Dentro de Estados Unidos el panorama es todavía más complicado.
Biden, que en campaña prometió ser una contraparte contundente para Putin, hoy recibe críticas por todos los flancos. Los republicanos conocedores de la Guerra Fría lo acusan del fracaso en los intentos diplomáticos, y de ser demasiado débil en el alcance de las sanciones.
Donald Trump y sus seguidores celebran con euforia a Putin y se quejan de un gobierno que piensa en el resto del mundo por encima de los asuntos internos. Los demócratas, igualmente divididos, no tienen una trayectoria coherente de política exterior. En todo caso es muy obvio que nadie tiene apetito para librar una guerra en el otro lado del mundo.
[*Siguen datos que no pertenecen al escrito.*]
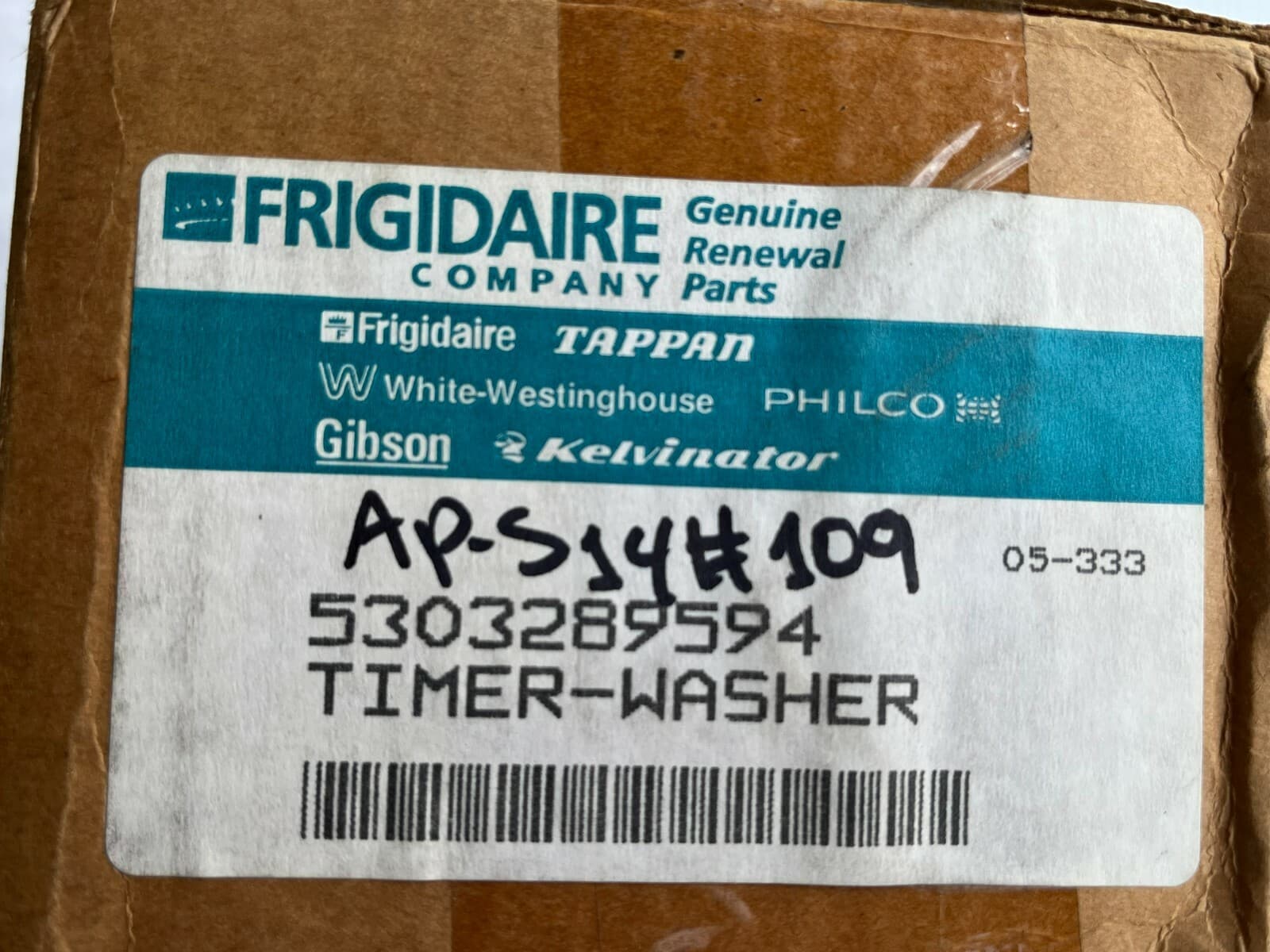 New Genuine  OEM Frigidaire Washer Timer 5303289594 — thumbnail 8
En vísperas de su discurso de Estado de la Unión Joe Biden no ha logrado un discurso contundente de unidad. Los tambores de guerra suenan a la distancia, haciendo eco y sembrando miedo en todos los rincones del mundo. En América Latina los aliados de cada lado ya se hicieron escuchar. Las primeras bajas de esta guerra innecesaria serán los ucranianos inocentes, pero la mayor víctima es la propia democracia.